Exercise details -
Dropping every picture, set down exactly the lines in the entries below, starting with the line with "Coconuts have water" and going on through the line with "Tanah Dijual - Foto 7".

Dataset records -
================

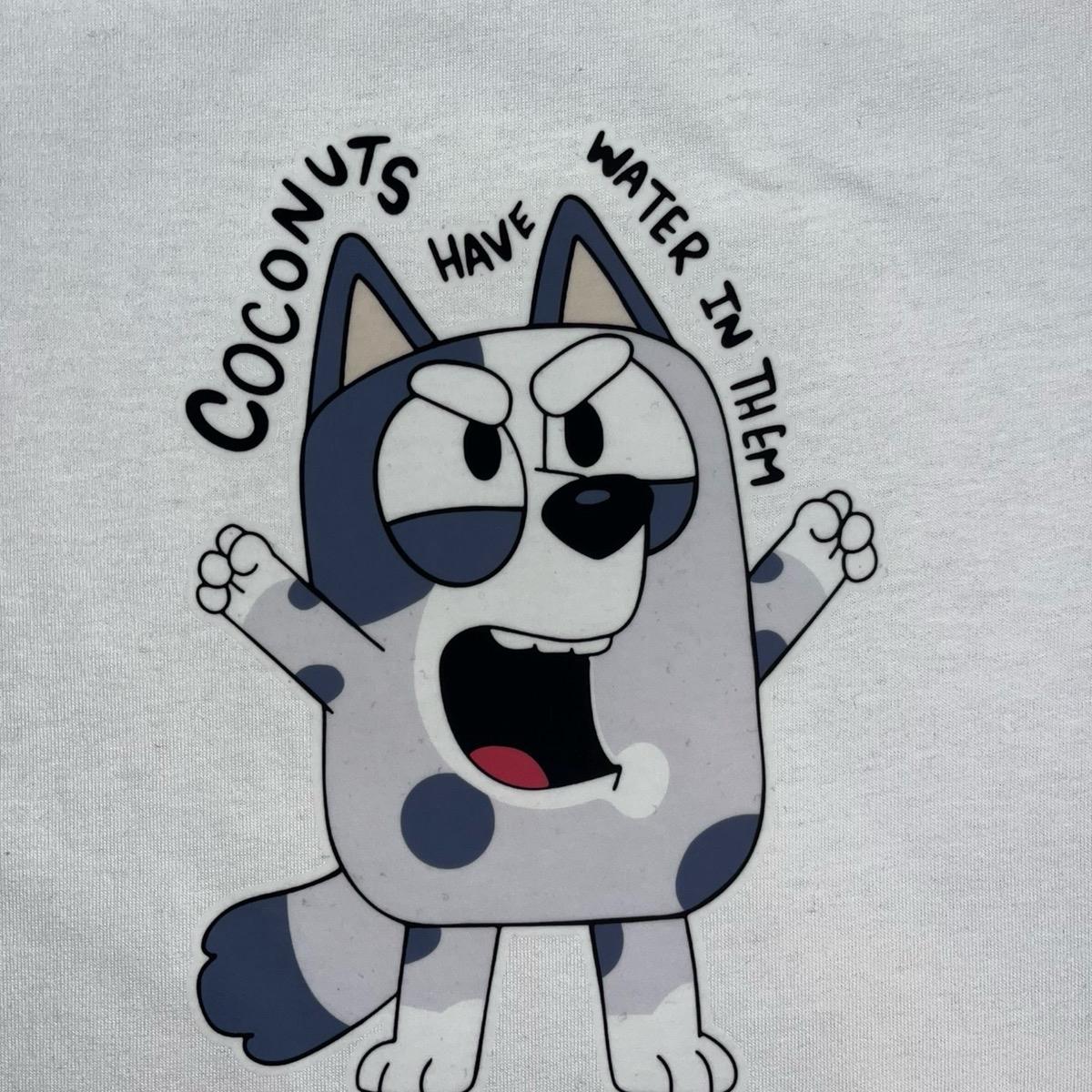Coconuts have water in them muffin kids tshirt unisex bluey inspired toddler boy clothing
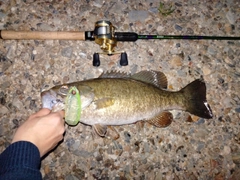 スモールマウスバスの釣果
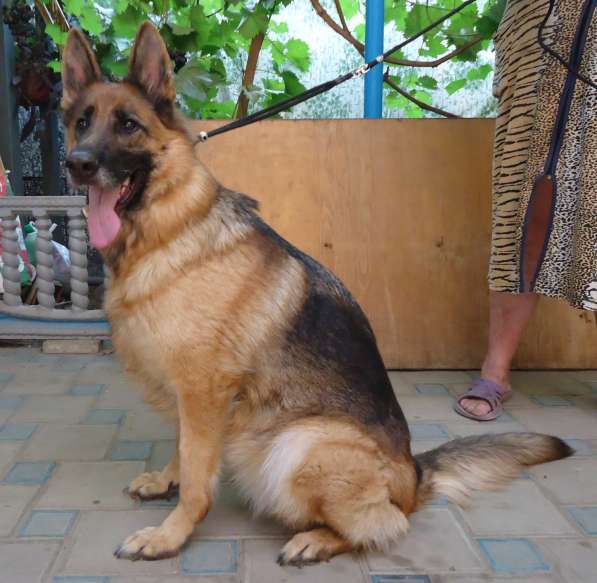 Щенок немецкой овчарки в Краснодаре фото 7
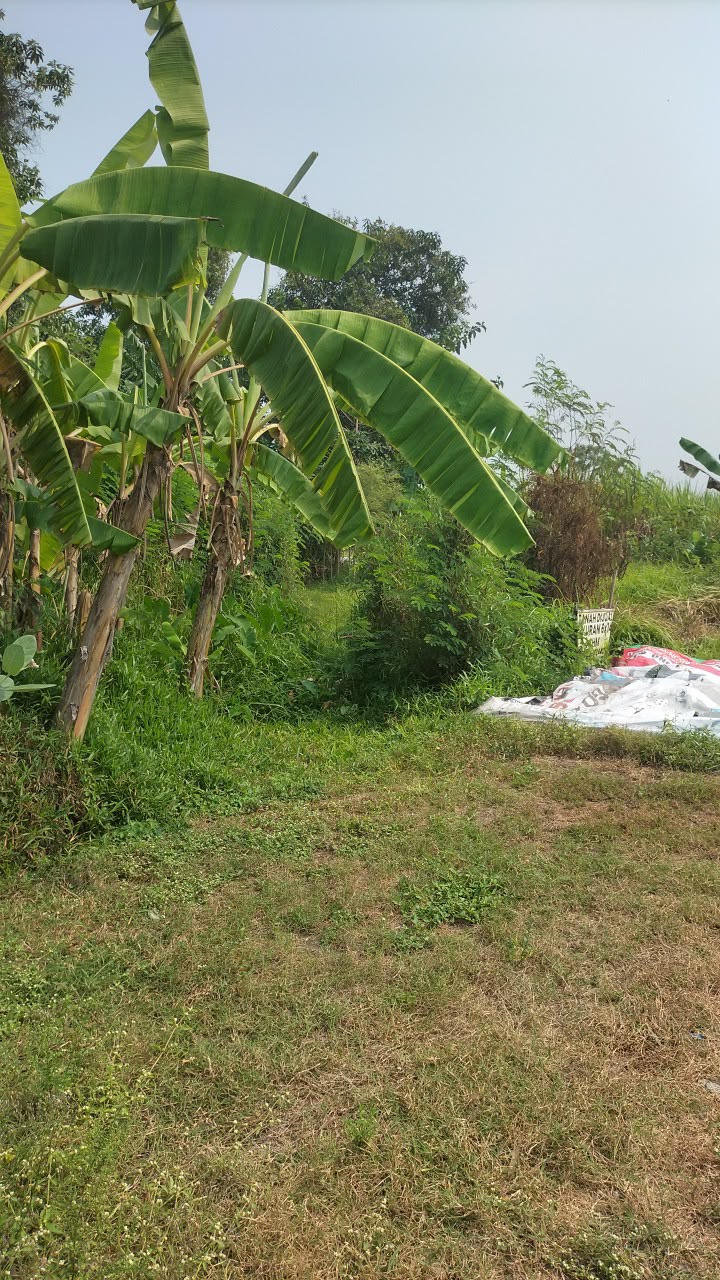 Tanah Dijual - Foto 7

================

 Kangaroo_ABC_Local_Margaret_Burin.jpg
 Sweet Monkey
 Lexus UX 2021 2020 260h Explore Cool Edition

================

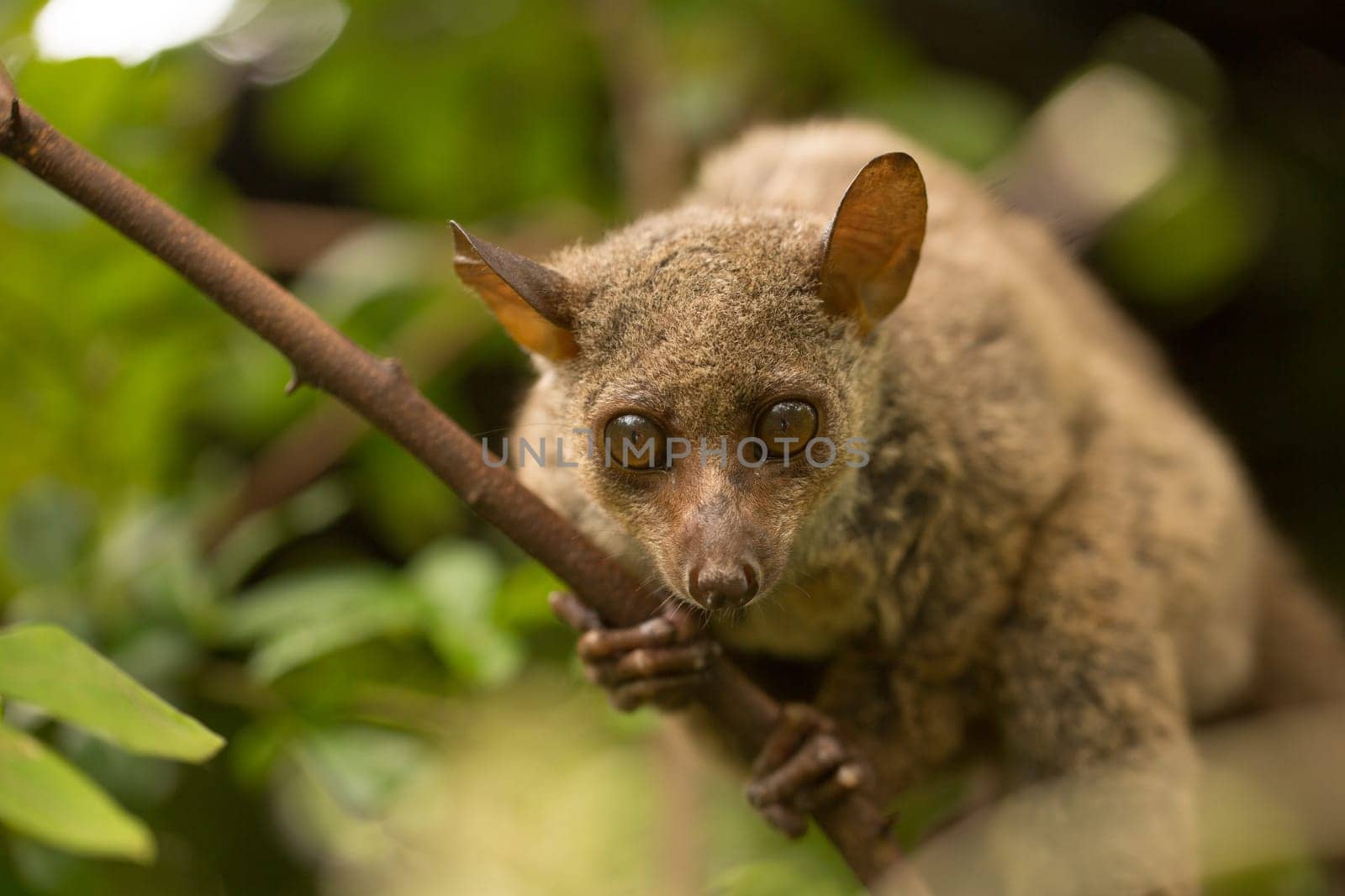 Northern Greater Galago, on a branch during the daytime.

================

Task answer -
Coconuts have water in them muffin kids tshirt unisex bluey inspired toddler boy clothing
 スモールマウスバスの釣果
 Щенок немецкой овчарки в Краснодаре фото 7
 Tanah Dijual - Foto 7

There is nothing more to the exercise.